Before any Read, check the tracker. If the file is listed, recall from memory; do not re-read unless contents changed.

This externalizes the “what I have already read” cache. The agent now has to acknowledge re-reads explicitly. For very long sessions, run /compact to summarize earlier turns into a smaller note before the read history scrolls out of the window; that is usually cheaper than letting the agent re-read what fell off the back.
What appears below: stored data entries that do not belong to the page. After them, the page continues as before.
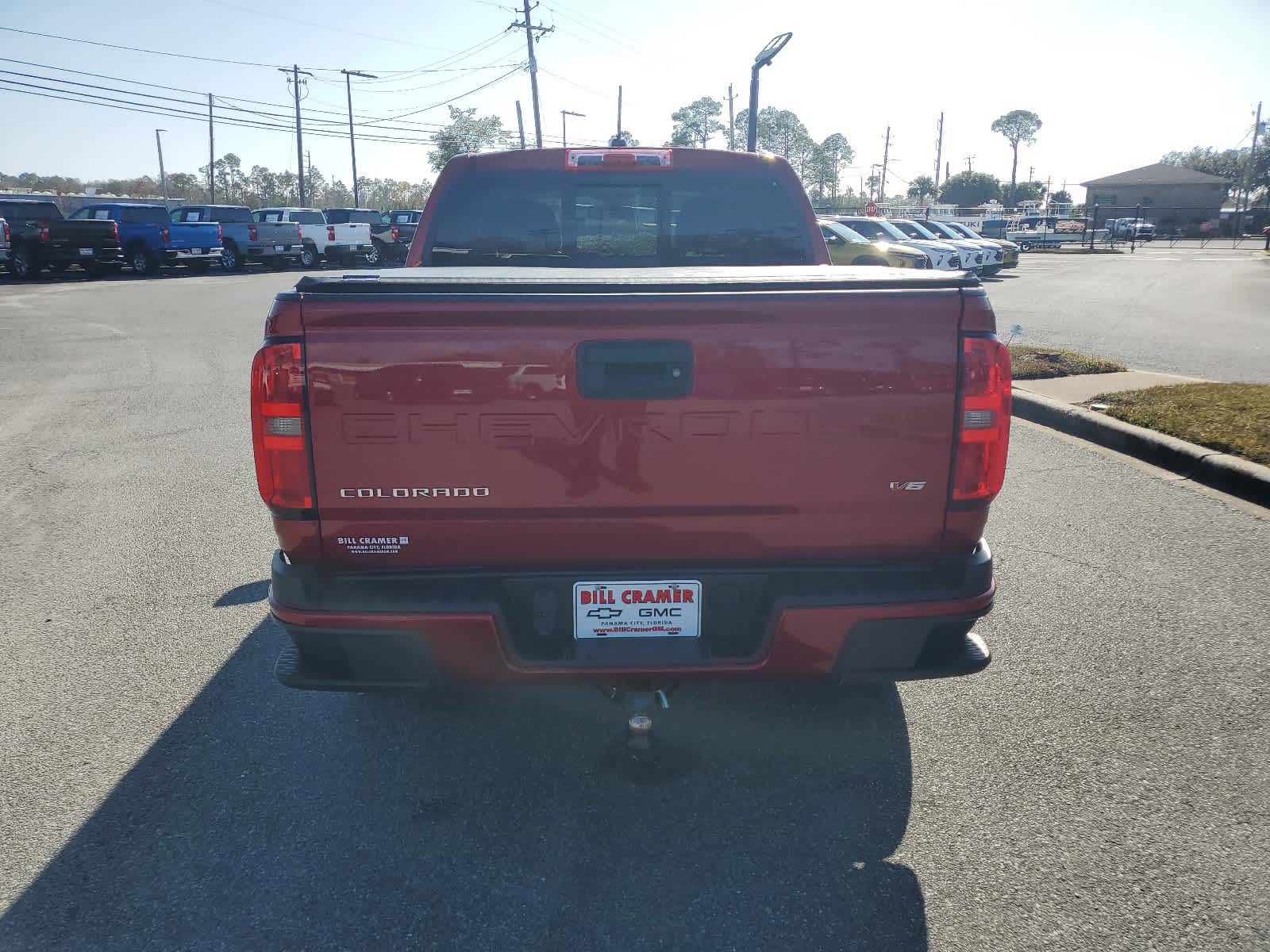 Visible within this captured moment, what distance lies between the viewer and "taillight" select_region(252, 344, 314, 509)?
246 cm

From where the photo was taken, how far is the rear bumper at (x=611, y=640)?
2607mm

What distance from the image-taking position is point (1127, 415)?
7.81 m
Step 5: Turn off tools the task does not need

In ~/.codex/config.toml (or a per-project .codex/config.toml), disable capabilities that invite stray calls:

# Don't let the agent reach for the web on a closed-repo task
web_search = "disabled"   # values: disabled | cached | live

# Don't spawn sub-agents unless the task genuinely needs them;
# spawn_agent / wait_agent each add tool-call overhead
[features]
multi_agent = false

Then drive the phases with /plan (read-only) followed by execution, instead of relying on the model to police itself mid-turn. Removing a tool removes the “let me just check one more thing” temptation entirely. You can also set these per task with an inline override, e.g. codex -c web_search='"disabled"'.

Step 6: Cap noisy tool output

Wrap commands that flood:

pnpm test 2>&1 | tee /tmp/test.log | grep -E "FAIL|PASS|Tests:" | head -50

Less noise → less re-read-to-verify. Many redundant reads chase missed signal in a wall of stdout.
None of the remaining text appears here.